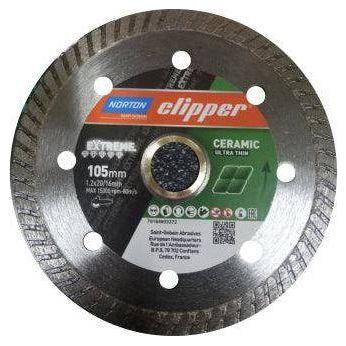 Norton Clipper Extreme Diamond Cut Off Disc 4" [Ceramic Ultra Thin] | Norton by KHM Megatools Corp. Main image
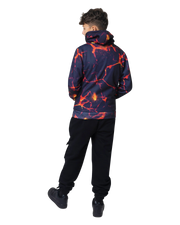 The Hype Boys Boys Lava Hoodie in Multi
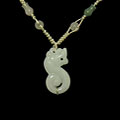 Jade Antique Dragon Necklace (China)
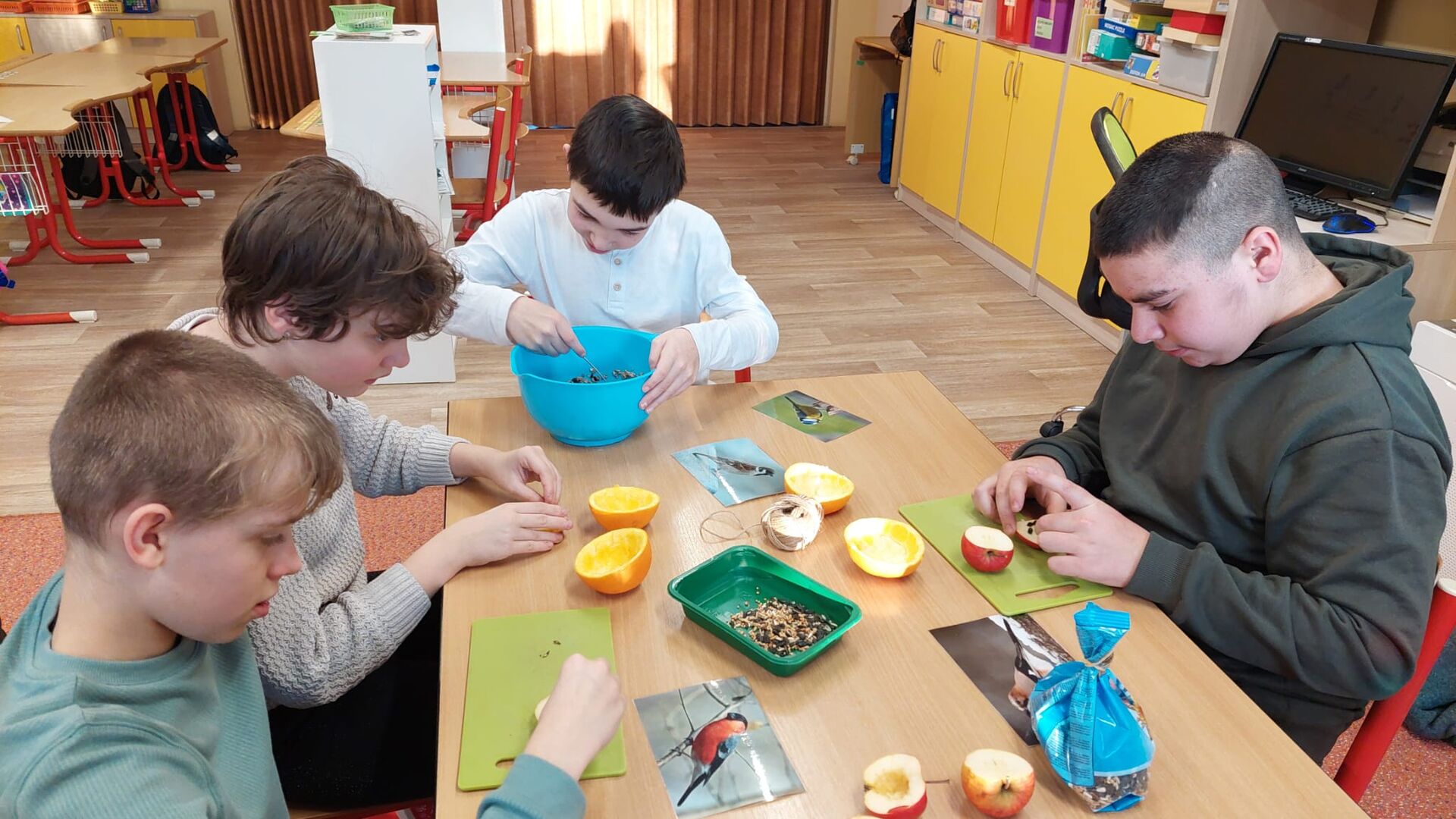 Staráme se o ptáčky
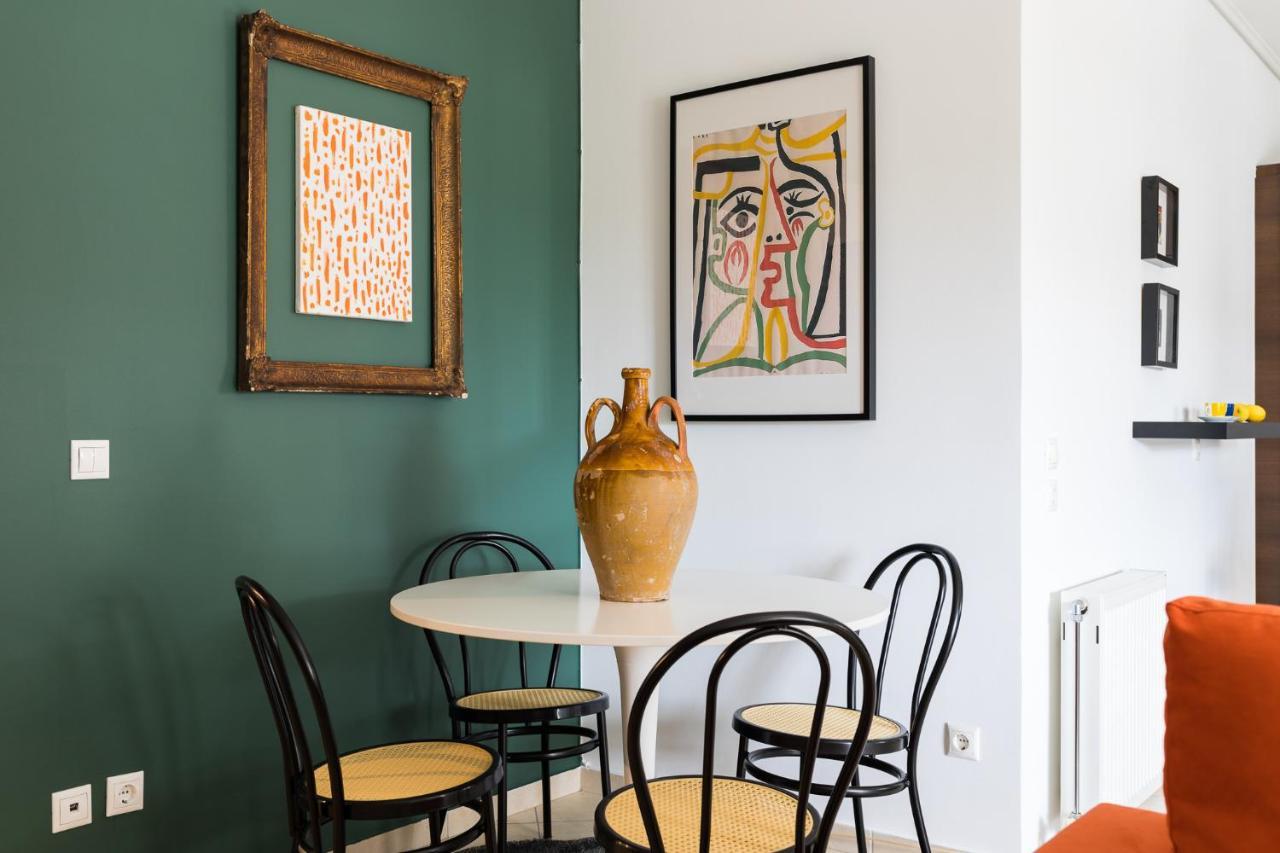 Athenian Stylish 2 Bdrm Apartment ภายนอก รูปภาพ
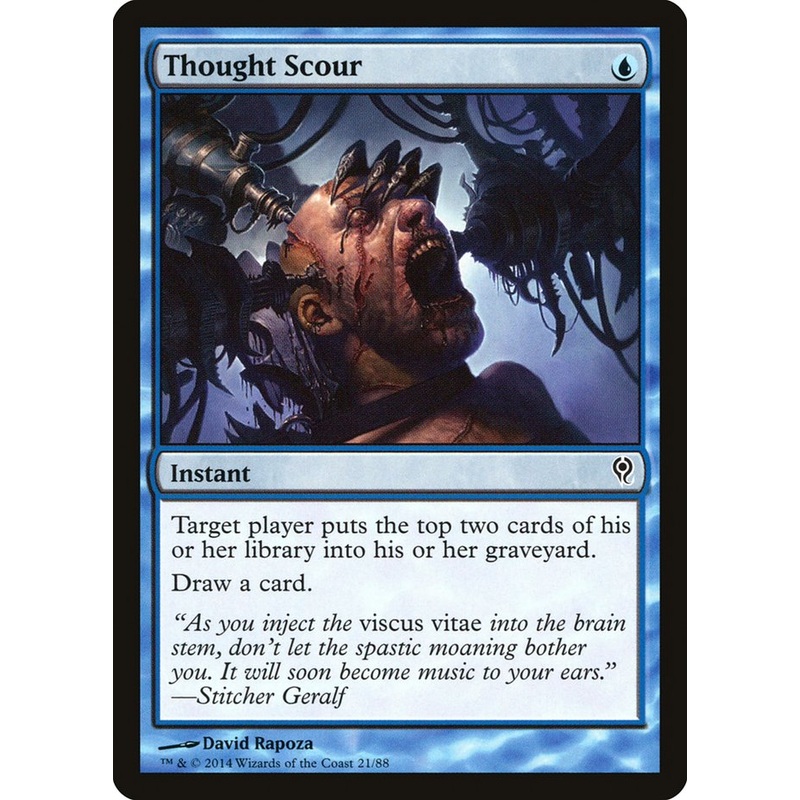 Thought Scour [Duel Decks: Jace vs. Vraska]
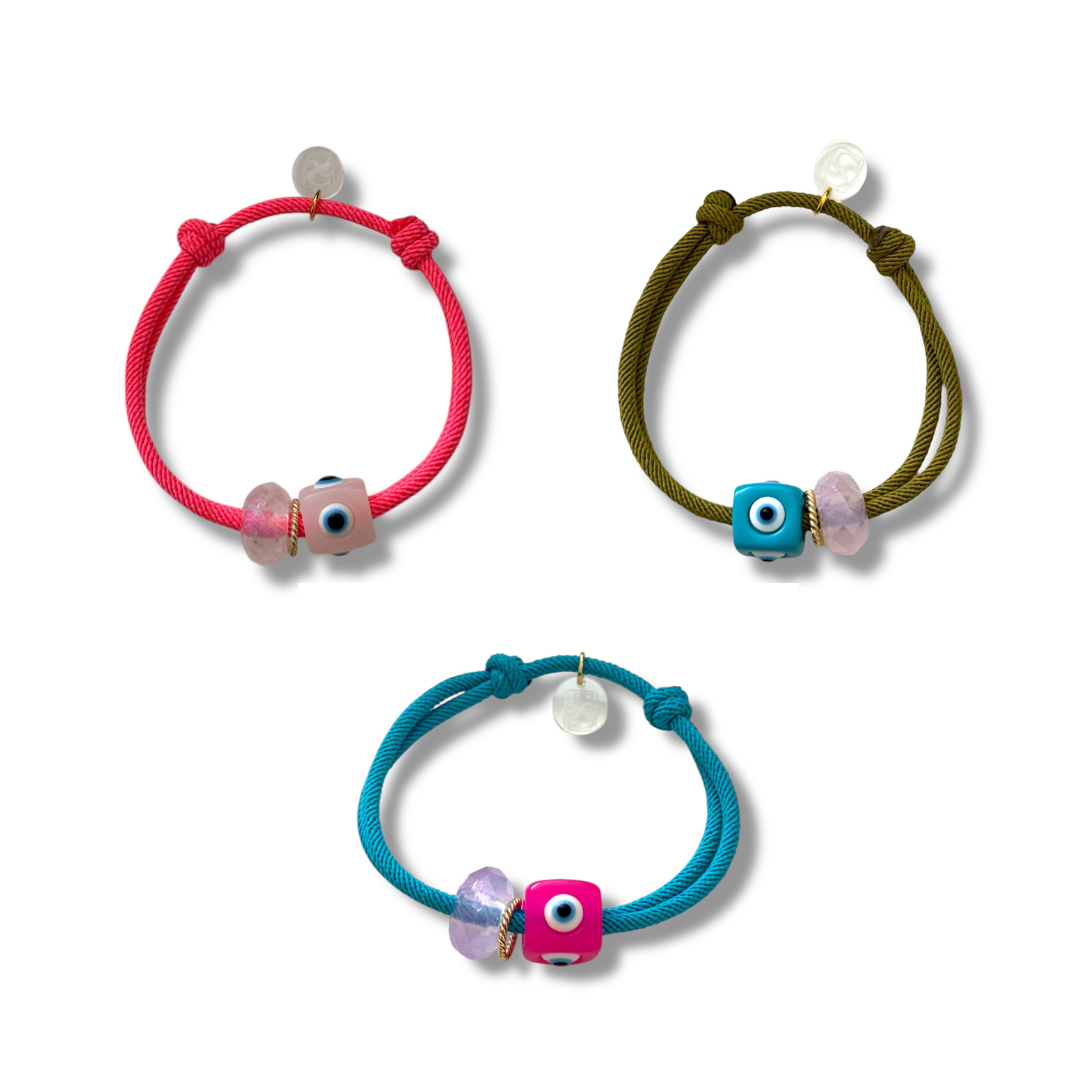 Ojito de la suerte Bracelet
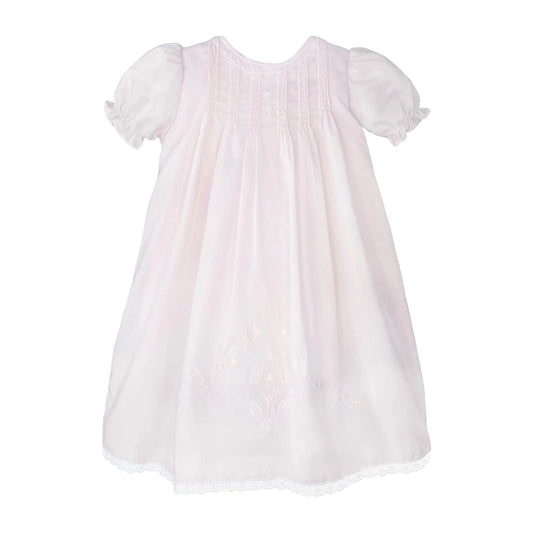 Heirloom Lace Hand Embroidered Daygown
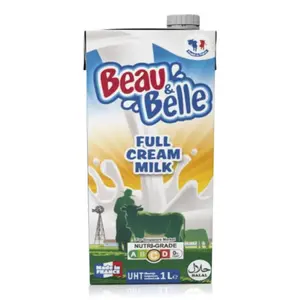 Sữa Tươi Nguyên Kem, Full Cream Milk (1L) - BEAU & BELLE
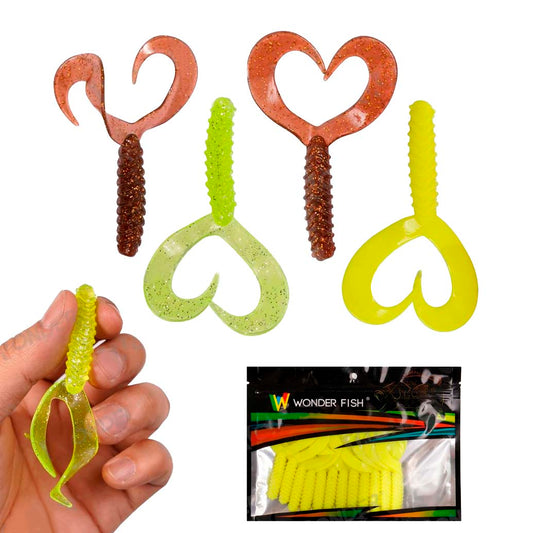 Carnada Blanda Artificial Para Pesca De 7.5 cm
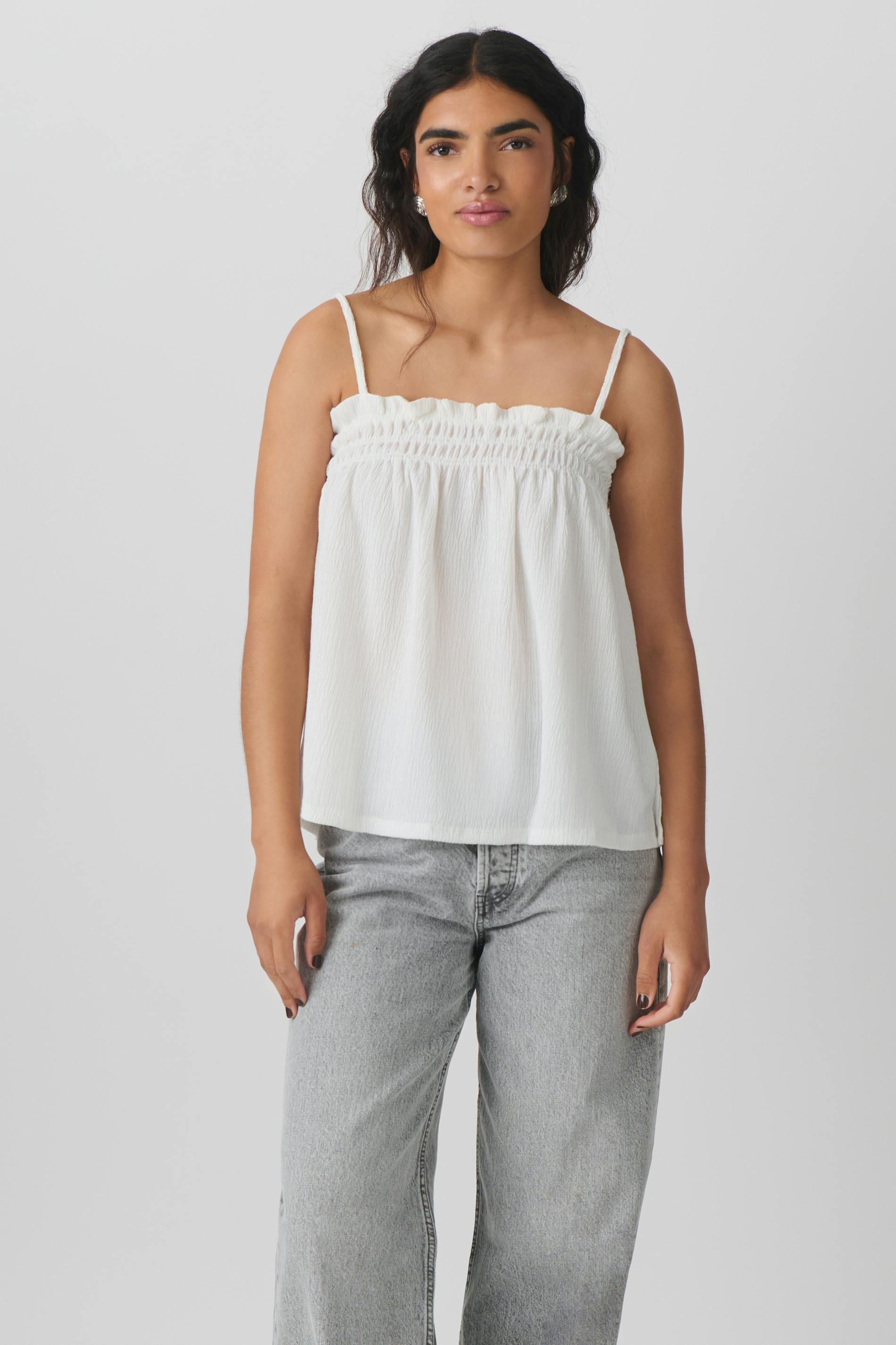 Structure Smock Singlet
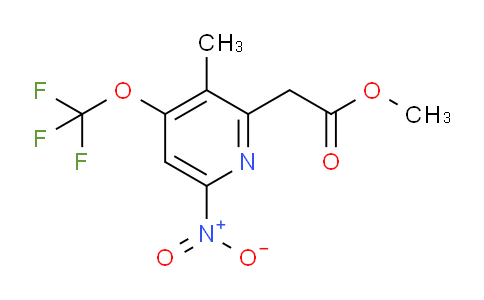 AM210132 | 1804709-27-0 | Methyl 3-methyl-6-nitro-4-(trifluoromethoxy)pyridine-2-acetate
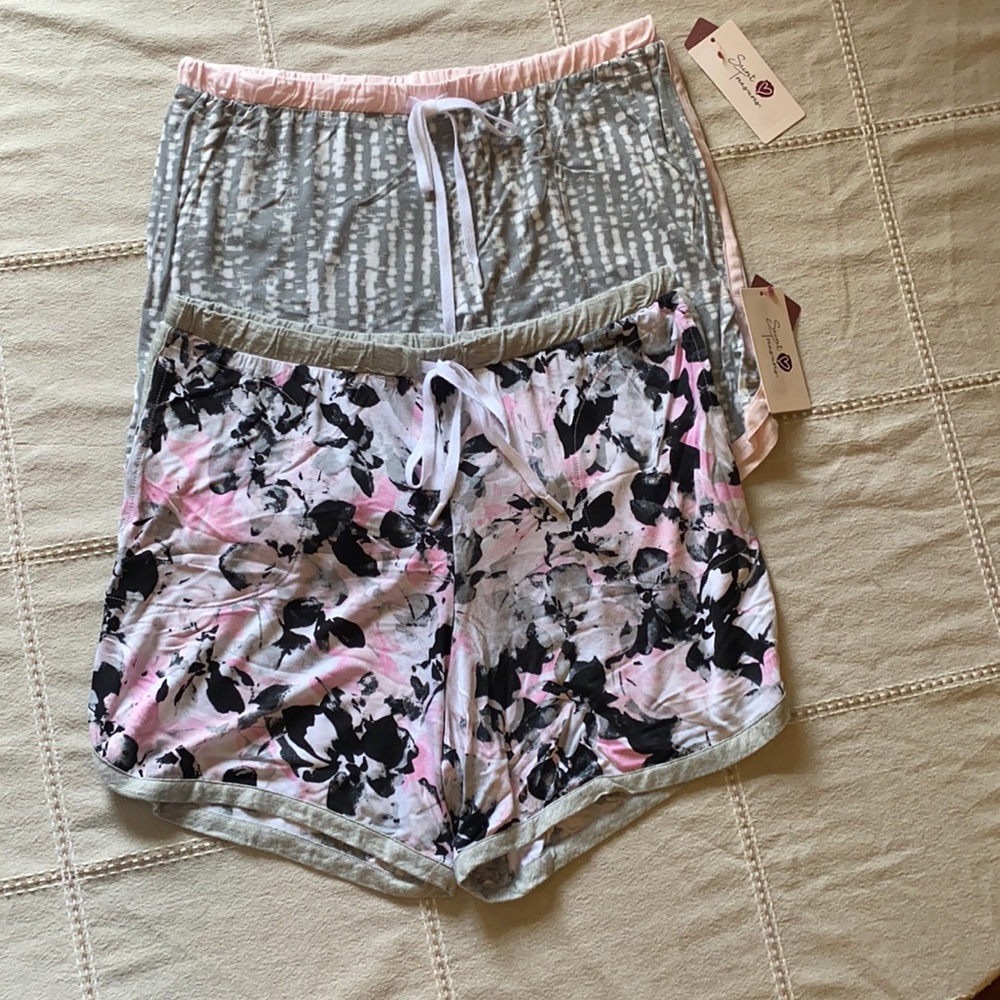 2 Sleep Shorts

★ ★ ★ ★ ★

→ Your task
The expected output is the material above, repeated exactly and free of pictures.

→ Solution for this problem
 Norton Clipper Extreme Diamond Cut Off Disc 4" [Ceramic Ultra Thin] | Norton by KHM Megatools Corp. Main image
 The Hype Boys Boys Lava Hoodie in Multi
 Jade Antique Dragon Necklace (China)
 Staráme se o ptáčky
 Athenian Stylish 2 Bdrm Apartment ภายนอก รูปภาพ
 Thought Scour [Duel Decks: Jace vs. Vraska]
 Ojito de la suerte Bracelet
 Heirloom Lace Hand Embroidered Daygown
 Sữa Tươi Nguyên Kem, Full Cream Milk (1L) - BEAU & BELLE
 Carnada Blanda Artificial Para Pesca De 7.5 cm
 Structure Smock Singlet
 AM210132 | 1804709-27-0 | Methyl 3-methyl-6-nitro-4-(trifluoromethoxy)pyridine-2-acetate
 2 Sleep Shorts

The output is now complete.